_TASK TO COMPLETE:_ The material is to be repeated exactly, from first line to last.

_DATA FOR ANALYSIS:_
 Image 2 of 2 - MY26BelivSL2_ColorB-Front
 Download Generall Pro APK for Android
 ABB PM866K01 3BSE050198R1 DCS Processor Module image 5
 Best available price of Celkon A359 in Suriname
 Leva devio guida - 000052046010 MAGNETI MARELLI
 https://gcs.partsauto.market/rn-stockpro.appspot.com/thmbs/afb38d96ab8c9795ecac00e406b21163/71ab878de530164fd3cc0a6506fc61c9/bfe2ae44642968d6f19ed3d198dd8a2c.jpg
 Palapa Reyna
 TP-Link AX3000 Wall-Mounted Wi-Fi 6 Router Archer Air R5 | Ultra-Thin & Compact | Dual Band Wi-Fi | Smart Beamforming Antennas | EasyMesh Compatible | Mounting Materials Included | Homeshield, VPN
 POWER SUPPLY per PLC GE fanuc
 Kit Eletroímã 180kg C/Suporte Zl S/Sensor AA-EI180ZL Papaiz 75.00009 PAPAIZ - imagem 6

_FINAL ANSWER:_
 Image 2 of 2 - MY26BelivSL2_ColorB-Front
 Download Generall Pro APK for Android
 ABB PM866K01 3BSE050198R1 DCS Processor Module image 5
 Best available price of Celkon A359 in Suriname
 Leva devio guida - 000052046010 MAGNETI MARELLI
 https://gcs.partsauto.market/rn-stockpro.appspot.com/thmbs/afb38d96ab8c9795ecac00e406b21163/71ab878de530164fd3cc0a6506fc61c9/bfe2ae44642968d6f19ed3d198dd8a2c.jpg
 Palapa Reyna
 TP-Link AX3000 Wall-Mounted Wi-Fi 6 Router Archer Air R5 | Ultra-Thin & Compact | Dual Band Wi-Fi | Smart Beamforming Antennas | EasyMesh Compatible | Mounting Materials Included | Homeshield, VPN
 POWER SUPPLY per PLC GE fanuc
 Kit Eletroímã 180kg C/Suporte Zl S/Sensor AA-EI180ZL Papaiz 75.00009 PAPAIZ - imagem 6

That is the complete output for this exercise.